The following procedure requires that you have permission to create a custom IAM role for the Lambda function. If you do not have permission to create a custom role, you can use the Athena reference implementation to create a Lambda function separately, and then use the AWS Lambda console to choose an existing IAM role for the function. For more information, see Connecting Athena to a Hive Metastore Using an Existing IAM Execution Role.

To connect Athena to a Hive metastore

  1. Open the Athena console at https://console.aws.amazon.com/athena/.

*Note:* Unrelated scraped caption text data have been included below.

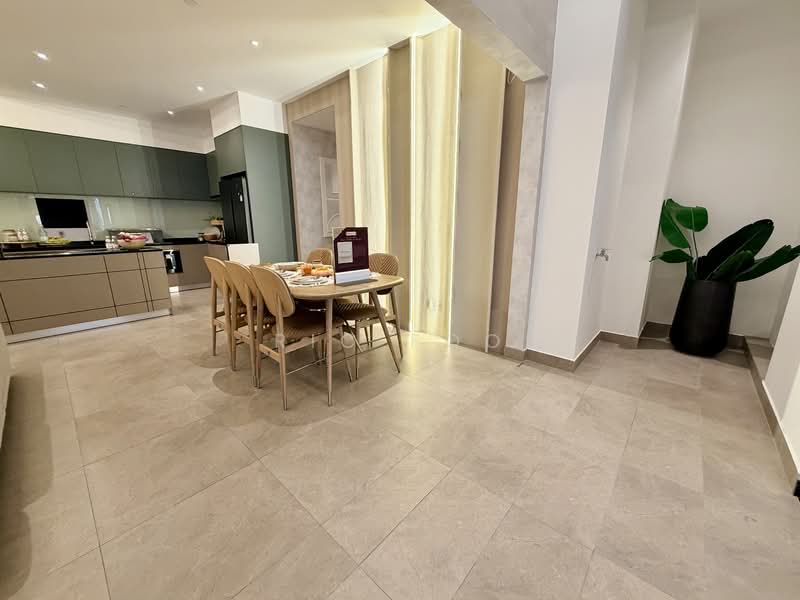 Service Residence for Sale at The Queenwoodz @ Bukit Jalil - Ric Foo - Bright Family Dining Space - PropertyGuru.com.my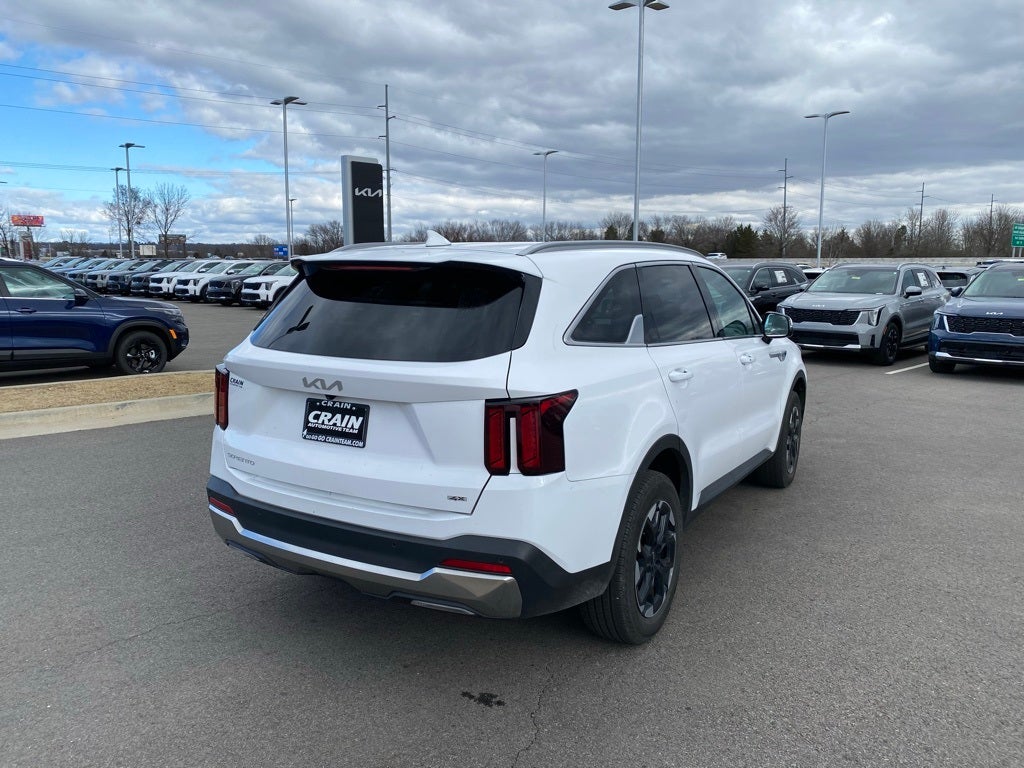 2024 Kia Sorento S AWD / HEATED SEATS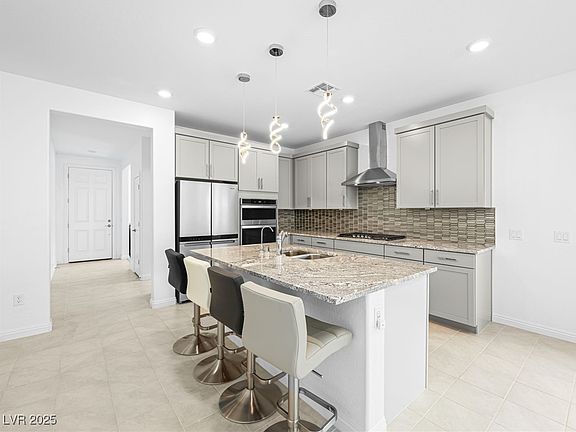 5th image of 2376 Thelen Ave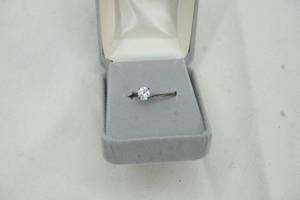 lot 32 image: fashion jewelry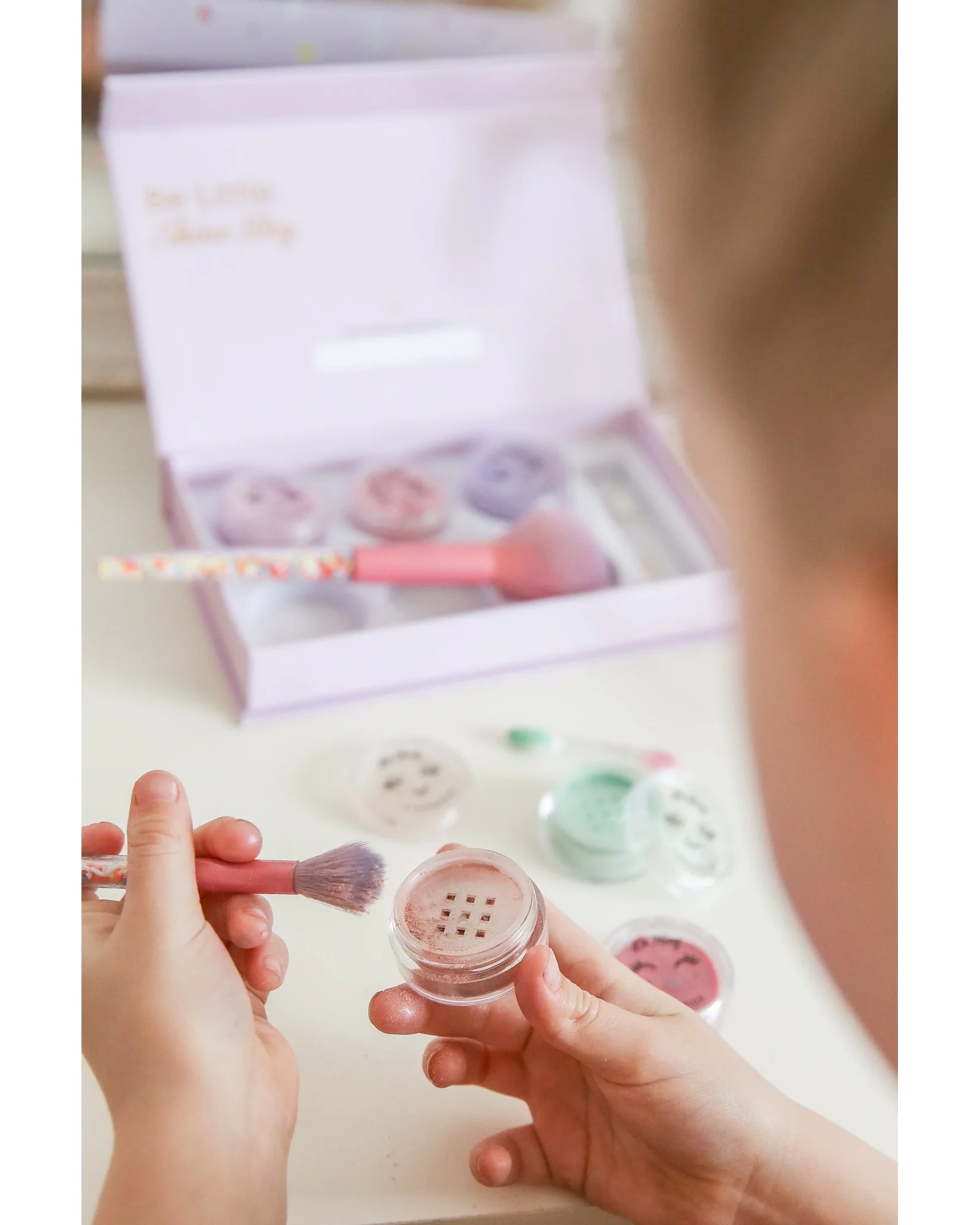 Oh Flossy Sweet Treat Makeup Set - Image 5
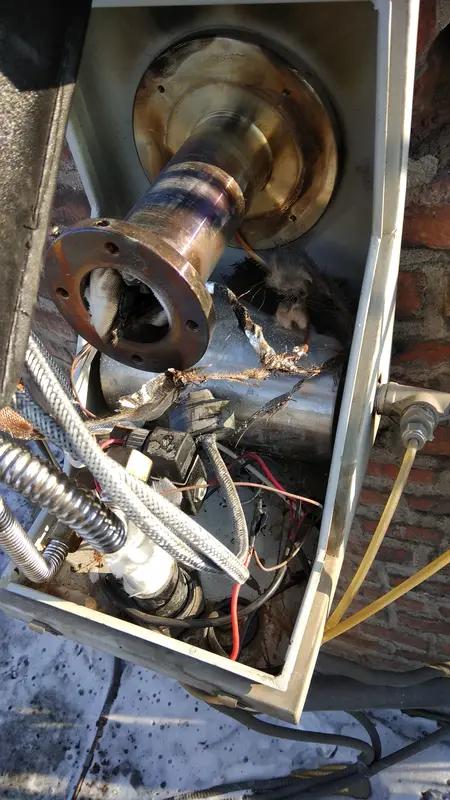 近日陕西西安，因热水器热水管长期使用，且长时间通电，造成感应器失效，100摄氏度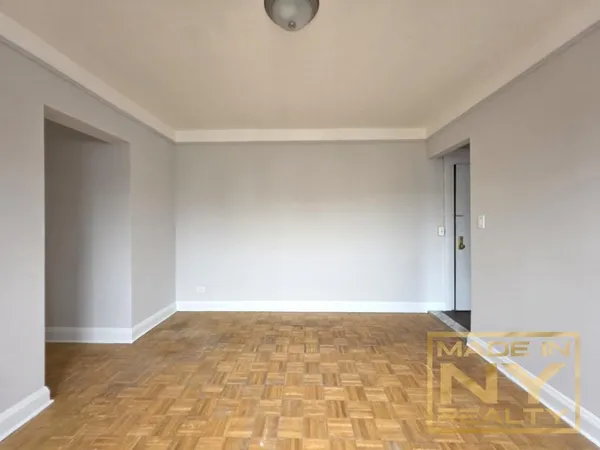 $2,397 | 24-56 44th Street, Unit A3 | Astoria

  2. Choose Connect data source.

    
                        Choose Connect data source.
  3. On the Connect data source page, for Choose a metadata catalog, choose Apache Hive metastore.

    
                        Choose Apache Hive metastore.
  4. Choose Next.

  5. On the Connection details page, for Lambda function, choose Configure new AWS Lambda function.

    
                        Choose Configure new AWS Lambda
                            function.

    The AthenaHiveMetastoreFunction page opens in the AWS Lambda console.

    
                        The AthenaHiveMetastoreFunction page in the
                            AWS Lambda console.
  6. Under Application settings, enter the parameters for your Lambda function.

    • LambdaFuncName – Provide a name for the function. For example, myHiveMetastore.

    • SpillLocation – Specify an Amazon S3 location in this account to hold spillover metadata if the Lambda function reponse size exceeds 4MB.

    • HMSUris – Enter the URI of your Hive metastore host that uses the Thrift protocol at port 9083. Use the syntax thrift://<host_name>:9083.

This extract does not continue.